Comment by dajonker
7 months ago
I believe patents play a big role here as well. Anything new must be careful to not (accidentally) violate any active patent, so there might be some tricks that can't currently be used for AV1/AV2
7 months ago
I believe patents play a big role here as well. Anything new must be careful to not (accidentally) violate any active patent, so there might be some tricks that can't currently be used for AV1/AV2
I think patents are quickly becoming less of a problem. A lot of the foundational encoding techniques have exited patent protection. H.264 and everything before it is patent free now.
It's true you could still accidentally violate a patent but that minefield is clearing out as those patents simply have to become more esoteric in nature.
...till someone decides to patent one of the new techniques used
You can't patent something that's in use. Prior art is a defense to a patent claim/lawsuit.
But that's not my main point. My main point is that we are going down a fitting path with codecs which makes it hard to come up with general patents that someone might stumble over.

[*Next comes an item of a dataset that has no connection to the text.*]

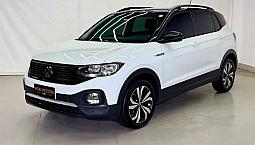 Volkswagen T-Cross 1.0 Tsi Flex 12V 5P Aut. 2024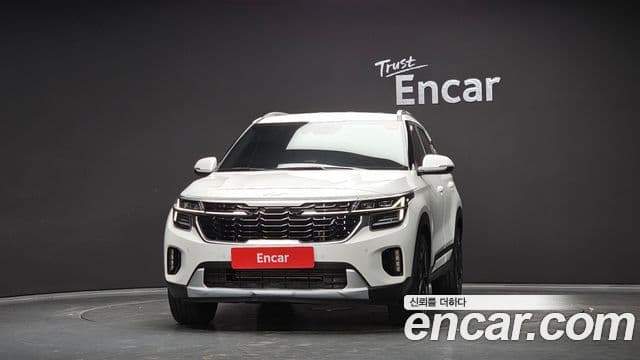 Kia Seltos 2024 — Şəkil 3/20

That makes patents developed by the MPEG group far less likely to apply to AOM. A lot of those more generally applicable patents, like the DCT for example, have expired.
There are numerous patent trolls in this space with active litigation against many of the participants in the consortium who brought AV1. The EU was also threatening to investigate (likely to protect the royalty revenues of European companies)
It has always seemed very weird to me that compression algorithms were patentable.
1) it harms interoperability
2) I thought math wasn’t patentable?